### [ACTIVITY]
Lines in the data below that contain the word "showing" are to be copied.

Excerpts from a dataset:
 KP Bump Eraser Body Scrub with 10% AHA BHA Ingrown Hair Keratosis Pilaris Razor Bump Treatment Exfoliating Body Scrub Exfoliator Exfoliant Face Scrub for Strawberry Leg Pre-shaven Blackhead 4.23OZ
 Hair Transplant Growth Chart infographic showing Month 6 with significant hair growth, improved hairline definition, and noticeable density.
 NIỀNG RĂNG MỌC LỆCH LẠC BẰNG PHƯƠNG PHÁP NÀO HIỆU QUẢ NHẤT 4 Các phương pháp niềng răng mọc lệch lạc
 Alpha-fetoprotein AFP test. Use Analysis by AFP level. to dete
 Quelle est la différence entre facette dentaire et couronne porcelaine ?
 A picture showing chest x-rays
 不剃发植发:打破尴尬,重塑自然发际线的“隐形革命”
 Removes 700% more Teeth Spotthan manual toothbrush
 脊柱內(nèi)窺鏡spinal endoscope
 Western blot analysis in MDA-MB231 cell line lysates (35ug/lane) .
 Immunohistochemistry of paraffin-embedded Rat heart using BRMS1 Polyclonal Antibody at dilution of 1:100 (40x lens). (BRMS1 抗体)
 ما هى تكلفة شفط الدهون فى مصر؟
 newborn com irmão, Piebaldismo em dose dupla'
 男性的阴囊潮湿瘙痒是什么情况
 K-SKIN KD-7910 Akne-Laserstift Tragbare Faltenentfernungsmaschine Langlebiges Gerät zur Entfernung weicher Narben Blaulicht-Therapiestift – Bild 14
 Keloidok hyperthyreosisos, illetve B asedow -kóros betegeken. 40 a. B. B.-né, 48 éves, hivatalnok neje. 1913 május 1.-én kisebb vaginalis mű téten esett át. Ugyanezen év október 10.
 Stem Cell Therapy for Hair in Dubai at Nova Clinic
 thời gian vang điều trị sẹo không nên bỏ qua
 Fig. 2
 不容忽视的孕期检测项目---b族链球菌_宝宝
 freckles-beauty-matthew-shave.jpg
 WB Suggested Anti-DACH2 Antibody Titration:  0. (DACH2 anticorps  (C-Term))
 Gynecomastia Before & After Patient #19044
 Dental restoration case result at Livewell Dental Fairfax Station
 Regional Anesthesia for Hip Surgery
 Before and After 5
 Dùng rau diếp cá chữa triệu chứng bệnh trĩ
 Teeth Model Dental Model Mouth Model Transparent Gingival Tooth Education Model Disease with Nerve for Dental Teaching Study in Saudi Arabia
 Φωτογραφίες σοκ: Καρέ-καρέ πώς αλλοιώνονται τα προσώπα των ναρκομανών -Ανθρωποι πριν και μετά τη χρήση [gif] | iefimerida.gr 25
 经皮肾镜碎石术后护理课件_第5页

### [RESPONSE TO THE TASK]
 Hair Transplant Growth Chart infographic showing Month 6 with significant hair growth, improved hairline definition, and noticeable density.
 A picture showing chest x-rays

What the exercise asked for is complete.